Sunday, April 4, 2010

An Admittedly Childish Confession

I needed a little attention today. I know... I know... I'm an adult. I'm 24, practically. I'm not the little kid with his Easter basket grass strewn about and chocolate sauce on his cheeks. I'm the adult who moved away from home and has adult things to think about.

But, still, I needed something today...a connection...to feel needed or wanted or existent. And, it wasn't there.

I called my parents this morning. Mom didn't answer, and dad was busy at the time. He said he'd call back. He hasn't. They're great parents! And, we call each other often. It's not that they're neglecting me in any way. Today, though...today was different. Today I needed it for some reason.
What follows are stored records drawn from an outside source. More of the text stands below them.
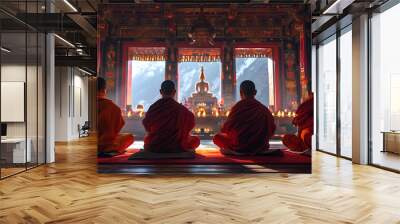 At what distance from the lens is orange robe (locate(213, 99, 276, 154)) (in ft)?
18.4

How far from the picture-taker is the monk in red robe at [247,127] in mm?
5605

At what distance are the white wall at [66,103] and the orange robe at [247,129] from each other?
369 inches

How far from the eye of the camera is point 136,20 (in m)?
5.62

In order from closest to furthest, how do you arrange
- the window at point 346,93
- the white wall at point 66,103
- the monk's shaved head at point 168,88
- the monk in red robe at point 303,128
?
1. the monk in red robe at point 303,128
2. the monk's shaved head at point 168,88
3. the window at point 346,93
4. the white wall at point 66,103

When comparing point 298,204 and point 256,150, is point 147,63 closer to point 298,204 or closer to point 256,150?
point 256,150

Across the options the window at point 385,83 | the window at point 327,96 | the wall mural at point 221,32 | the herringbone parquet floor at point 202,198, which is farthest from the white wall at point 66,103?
the window at point 385,83

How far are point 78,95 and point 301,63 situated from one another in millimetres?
11685

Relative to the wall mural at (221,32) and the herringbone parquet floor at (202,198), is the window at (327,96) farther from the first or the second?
the wall mural at (221,32)

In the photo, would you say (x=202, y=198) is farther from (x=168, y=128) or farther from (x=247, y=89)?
(x=247, y=89)

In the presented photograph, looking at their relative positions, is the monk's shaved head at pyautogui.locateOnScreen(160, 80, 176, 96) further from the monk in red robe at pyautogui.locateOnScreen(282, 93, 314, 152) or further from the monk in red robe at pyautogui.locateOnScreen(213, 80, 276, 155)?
the monk in red robe at pyautogui.locateOnScreen(282, 93, 314, 152)

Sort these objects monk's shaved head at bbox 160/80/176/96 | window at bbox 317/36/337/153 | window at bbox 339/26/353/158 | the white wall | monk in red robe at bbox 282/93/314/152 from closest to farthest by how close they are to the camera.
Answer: monk in red robe at bbox 282/93/314/152, monk's shaved head at bbox 160/80/176/96, window at bbox 339/26/353/158, window at bbox 317/36/337/153, the white wall

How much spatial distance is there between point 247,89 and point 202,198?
207 cm

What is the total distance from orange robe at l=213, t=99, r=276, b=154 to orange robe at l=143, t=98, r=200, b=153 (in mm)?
461

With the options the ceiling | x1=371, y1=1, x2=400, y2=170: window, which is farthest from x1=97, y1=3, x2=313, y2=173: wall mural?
x1=371, y1=1, x2=400, y2=170: window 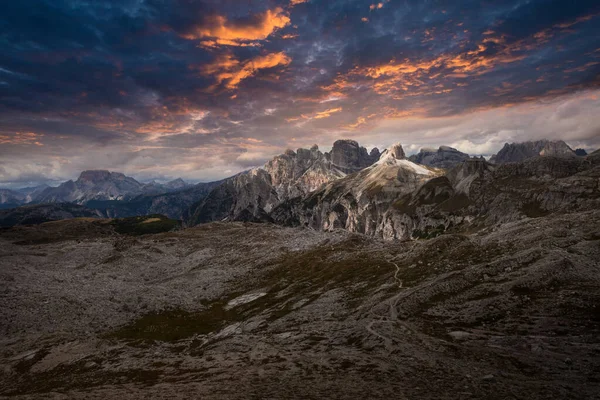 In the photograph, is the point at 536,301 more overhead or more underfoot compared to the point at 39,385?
more overhead

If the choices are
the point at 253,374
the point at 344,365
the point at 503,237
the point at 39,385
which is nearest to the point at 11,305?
the point at 39,385

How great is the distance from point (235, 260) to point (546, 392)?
112 meters

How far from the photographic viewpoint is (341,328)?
47.2 metres

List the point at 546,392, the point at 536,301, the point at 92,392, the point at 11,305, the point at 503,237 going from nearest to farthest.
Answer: the point at 546,392 → the point at 92,392 → the point at 536,301 → the point at 11,305 → the point at 503,237

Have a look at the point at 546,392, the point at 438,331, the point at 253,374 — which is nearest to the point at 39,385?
the point at 253,374

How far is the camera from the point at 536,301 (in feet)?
148

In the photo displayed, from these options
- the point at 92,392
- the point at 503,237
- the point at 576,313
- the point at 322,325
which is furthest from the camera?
the point at 503,237

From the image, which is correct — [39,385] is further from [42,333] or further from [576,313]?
[576,313]

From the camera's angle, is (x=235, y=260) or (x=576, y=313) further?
(x=235, y=260)

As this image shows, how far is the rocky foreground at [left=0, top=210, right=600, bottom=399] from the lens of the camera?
98.7ft

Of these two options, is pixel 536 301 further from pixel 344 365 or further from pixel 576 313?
pixel 344 365

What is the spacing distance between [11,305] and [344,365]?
215ft

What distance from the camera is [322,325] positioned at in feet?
164

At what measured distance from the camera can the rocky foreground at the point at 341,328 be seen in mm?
30078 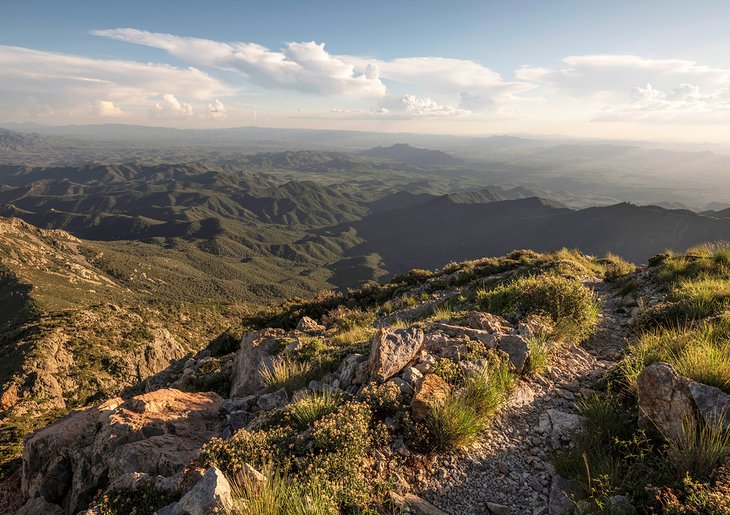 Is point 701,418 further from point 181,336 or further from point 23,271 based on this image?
point 23,271

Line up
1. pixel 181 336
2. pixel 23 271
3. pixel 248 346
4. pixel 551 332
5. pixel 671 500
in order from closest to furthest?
pixel 671 500, pixel 551 332, pixel 248 346, pixel 181 336, pixel 23 271

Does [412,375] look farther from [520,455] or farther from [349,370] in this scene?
[520,455]

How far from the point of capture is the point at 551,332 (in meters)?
8.49

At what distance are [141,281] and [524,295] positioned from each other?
16958 cm

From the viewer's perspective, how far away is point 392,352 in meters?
6.80

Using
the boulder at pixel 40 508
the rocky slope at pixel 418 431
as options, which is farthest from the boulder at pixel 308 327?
the boulder at pixel 40 508

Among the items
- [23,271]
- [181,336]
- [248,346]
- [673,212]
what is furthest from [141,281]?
[673,212]

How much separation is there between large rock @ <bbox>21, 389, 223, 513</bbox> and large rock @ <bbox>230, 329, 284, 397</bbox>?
1213 millimetres

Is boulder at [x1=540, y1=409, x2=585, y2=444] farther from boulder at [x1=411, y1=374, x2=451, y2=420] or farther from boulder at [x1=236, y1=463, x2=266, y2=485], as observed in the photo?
boulder at [x1=236, y1=463, x2=266, y2=485]

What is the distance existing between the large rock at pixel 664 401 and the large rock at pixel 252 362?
28.1 ft

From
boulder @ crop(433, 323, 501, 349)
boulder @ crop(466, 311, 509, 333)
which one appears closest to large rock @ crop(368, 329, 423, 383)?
boulder @ crop(433, 323, 501, 349)

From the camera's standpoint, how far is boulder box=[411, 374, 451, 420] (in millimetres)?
5527

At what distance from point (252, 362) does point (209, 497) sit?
8.69 m

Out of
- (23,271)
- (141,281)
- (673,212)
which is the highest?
(673,212) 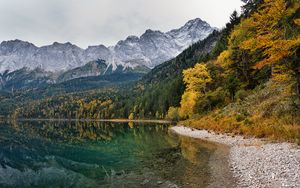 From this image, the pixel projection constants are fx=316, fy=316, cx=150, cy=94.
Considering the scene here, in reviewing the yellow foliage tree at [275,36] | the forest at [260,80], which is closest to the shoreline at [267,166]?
the forest at [260,80]

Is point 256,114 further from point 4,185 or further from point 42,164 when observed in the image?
point 4,185

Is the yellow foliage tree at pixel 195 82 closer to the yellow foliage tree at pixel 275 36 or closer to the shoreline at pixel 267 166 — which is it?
the yellow foliage tree at pixel 275 36

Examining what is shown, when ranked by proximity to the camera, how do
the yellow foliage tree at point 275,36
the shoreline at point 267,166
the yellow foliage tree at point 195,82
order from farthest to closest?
the yellow foliage tree at point 195,82 → the yellow foliage tree at point 275,36 → the shoreline at point 267,166

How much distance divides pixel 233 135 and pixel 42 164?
25492 millimetres

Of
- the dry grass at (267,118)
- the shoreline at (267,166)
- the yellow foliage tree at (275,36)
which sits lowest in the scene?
the shoreline at (267,166)

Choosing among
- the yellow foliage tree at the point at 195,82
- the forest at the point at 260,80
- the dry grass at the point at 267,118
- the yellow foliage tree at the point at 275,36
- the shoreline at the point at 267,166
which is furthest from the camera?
the yellow foliage tree at the point at 195,82

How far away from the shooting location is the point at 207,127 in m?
61.0

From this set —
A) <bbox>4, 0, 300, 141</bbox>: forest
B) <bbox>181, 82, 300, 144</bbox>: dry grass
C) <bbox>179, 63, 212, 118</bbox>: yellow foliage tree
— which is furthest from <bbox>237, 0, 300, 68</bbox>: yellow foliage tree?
A: <bbox>179, 63, 212, 118</bbox>: yellow foliage tree

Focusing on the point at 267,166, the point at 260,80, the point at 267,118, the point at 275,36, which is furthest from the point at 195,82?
the point at 267,166

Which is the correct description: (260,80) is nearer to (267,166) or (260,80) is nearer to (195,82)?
(195,82)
My partner is quite busy preparing lectures and grading papers, so he's been holed up in his office all day. We ate breakfast together, and he went off to work. Sure it's right down the hall, but it could be in Ohio for all intents and purposes. We're adults. We have jobs (well...will both have jobs). There are adult things to do.

I think it was the eggs and the bunnies and the Happy Easter text messages. Maybe it was writing my Examiner article about joining together with family and friends to find a way to celebrate. Ironically, I wrote that article alone at my dining table while everyone else was a few thousand miles away - literally and figuratively.

Yeah...it might have been the eggs, but it was also the rain. I couldn't take a good walk outside, because it started to sprinkle. Then I went home, and it stopped. I go back outside, and the clouds came back. I felt like Eeyore, whose rain cloud followed him around on occasion.

Oh, and I burned my damn peanut butter cookies.

I like to bake. I love being in the kitchen, but like any fully prepared grocery shopper - list in hand - I always forget one thing. Just one thing always turns out wrong. When it comes to baking, though, one thing can burn your damn peanut butter cookies.


So here I sit, about to balance a checkbook until it cries for mercy with lavender incense lit in hopes of staving off a truly depressing mood. To make matters worse, we have a movie in from Netflix to watch: Marley & Me. Great...that's just what I need. It's a dog movie. A dog movie with a big, lovable yellow dog at its center. I've seen Old Yeller. I can guarantee I know how this ends.

I just needed one friend, one family member, one person to be my person today. Day's not over, though. There's still time.

And, there's always lavender incense!

Love and Lyte,

Fire Lyte

4 comments:

  1. Awww, I'm sorry you're down...pretty much covers my mood today too except I burned the toast. hugz!

    ReplyDelete
  2. I've been lurking on your blog for a while now and this post finally made me comment. I can sympathize with being a thousand miles away from family - my husband just deployed to Iraq. So from another lonely, peanut-butter-cookie-burning baker to another, I wish you a very happy Easter.

    ReplyDelete
  3. I can totally empathize with you. Every now and then, we just need that little bit of extra attention.

    I hope you're feeling better today.

    ReplyDelete
  4. I know how you feel, it seems like we are almost the same age. And sometimes you just need to reach out and talk to someone..anyone.. When I am down like this, I pop in some good music and it makes me feel a little better, especially when I cook..
    I hope today is better for you as well.